[Captioned web image data]

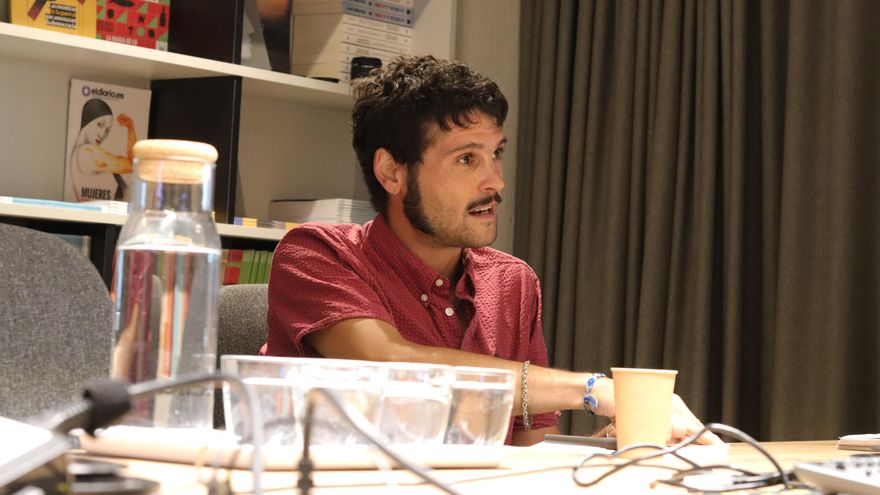 David García, durante el encuentro de socios en la redacción de elDiario.es para comentar el debate del estado de la nación.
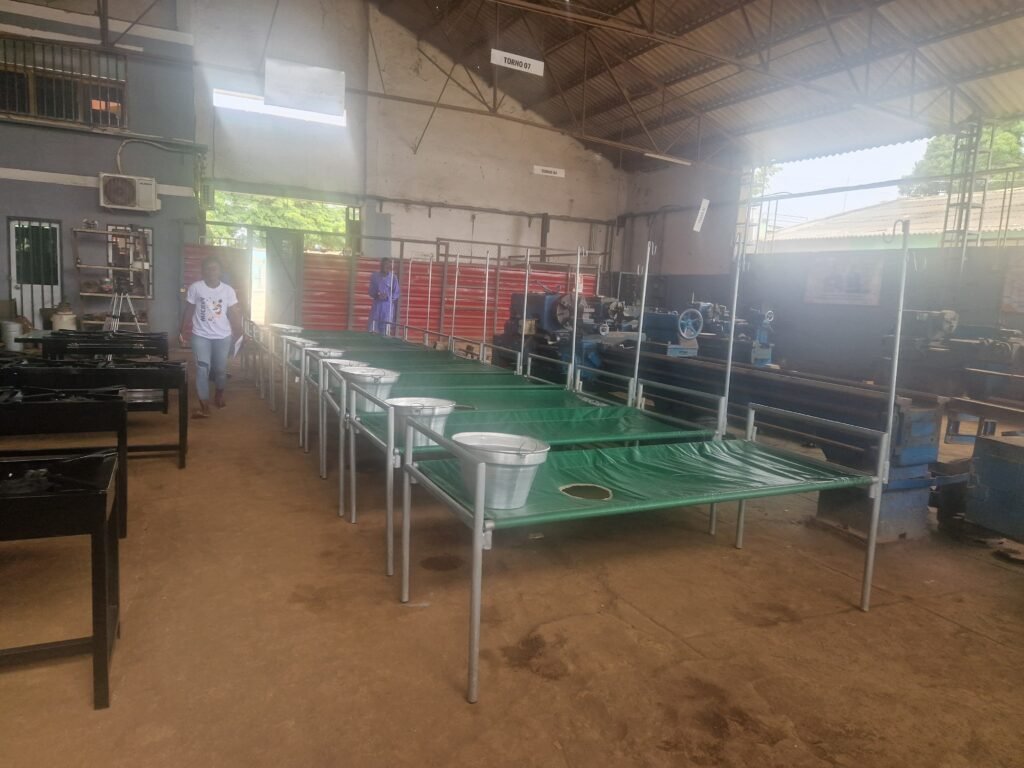 Nova Fumetal produz camas e baldes hospitalares para combater a cólera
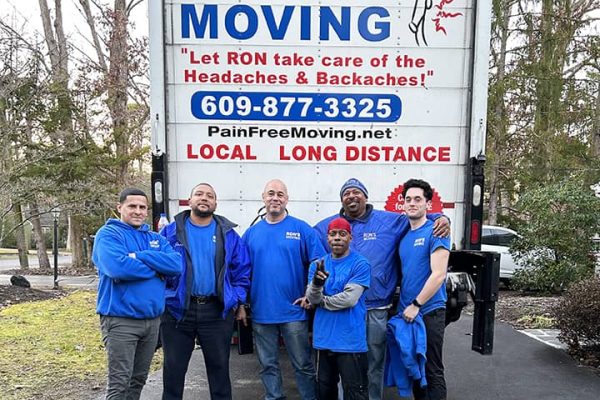 rons-moving-company-team-photo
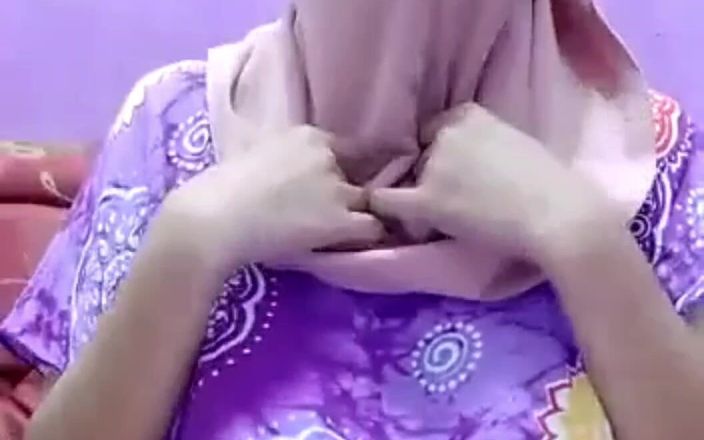 Jilbab69: ムラムラしたアジアの女の子が自慰行為をする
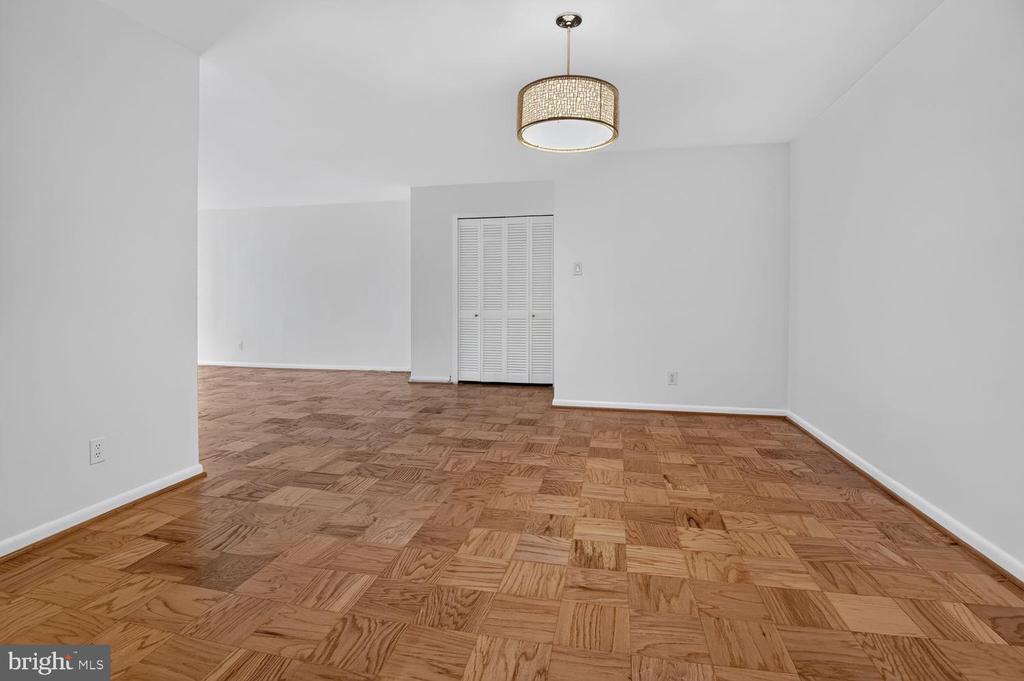5101 RIVER ROAD Unit: 703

# WHAT IS EXPECTED:
Leaving out every picture, copy exactly the lines from the one that contains "Nova Fumetal produz" through the end of the entries above.

# SOLUTION FOR THIS TASK:
 Nova Fumetal produz camas e baldes hospitalares para combater a cólera
 rons-moving-company-team-photo
 Jilbab69: ムラムラしたアジアの女の子が自慰行為をする
5101 RIVER ROAD Unit: 703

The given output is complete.